SAMPIT, katakata.co.id – Krisis air bersih yang melanda sejumlah wilayah Kabupaten Kotawaringin Timur (Kotim), membuat pemerintah daerah kembali mengirimkan pasokan air ke Kecamatan Pulau Hanaut.
Sebanyak 15 ribu liter air bersih didistribusikan kepada masyarakat di empat desa, yakni Bapinang Hilir, Babirah, Bapinang Laut dan Serambut, Sabtu (29/8/2026).
Wakil Bupati Kotim, Irawati, turun langsung memantau proses penyaluran bantuan tersebut.
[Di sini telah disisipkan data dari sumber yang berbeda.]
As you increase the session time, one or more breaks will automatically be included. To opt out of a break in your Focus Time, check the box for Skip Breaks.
Ia mengatakan distribusi air dilakukan sebagai respons atas semakin terbatasnya sumber air masyarakat akibat kemarau panjang.
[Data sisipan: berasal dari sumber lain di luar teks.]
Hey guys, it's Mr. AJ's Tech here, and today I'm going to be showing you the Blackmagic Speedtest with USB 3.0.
“Hari ini saya bersama Kadis Damkarmat meninjau langsung pelaksanaan distribusi air bersih di wilayah Kecamatan Pulau Hanaut,” kata Irawati, Minggu (30/8/2026).
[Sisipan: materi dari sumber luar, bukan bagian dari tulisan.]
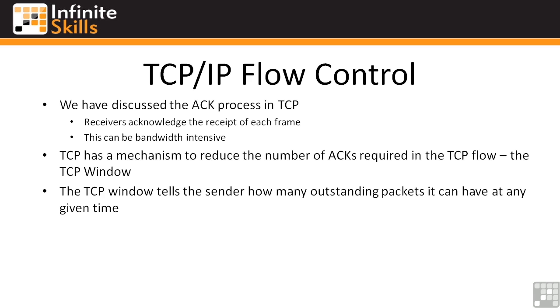Simply put, the TCP window tells the sending machine how many outstanding packets can be on the wire at any given time. You'll see how that works in the next slide. We'll actually pull up our Wireshark capture that I've included with the work files, and we'll see this in action.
Pasokan air dikirim menggunakan armada tangki milik Perusahaan Umum Daerah Air Minum (Perumdam) Tirta Mentaya, Palang Merah Indonesia (PMI) Kotim, serta Dinas Pemadam Kebakaran dan Penyelamatan (Damkarmat) Kotim.
Menurut Irawati, bantuan tersebut diharapkan dapat membantu memenuhi kebutuhan masyarakat, terutama di wilayah yang sumber airnya mulai sulit diperoleh.
“Di tengah kondisi kemarau dan keterbatasan air bersih, saya berharap bantuan ini dapat sedikit meringankan kebutuhan masyarakat,” ujarnya.
Pemkab Kotim, lanjutnya, akan terus memantau kondisi di wilayah yang mengalami kekeringan dan berupaya memastikan kebutuhan dasar masyarakat tetap terpenuhi.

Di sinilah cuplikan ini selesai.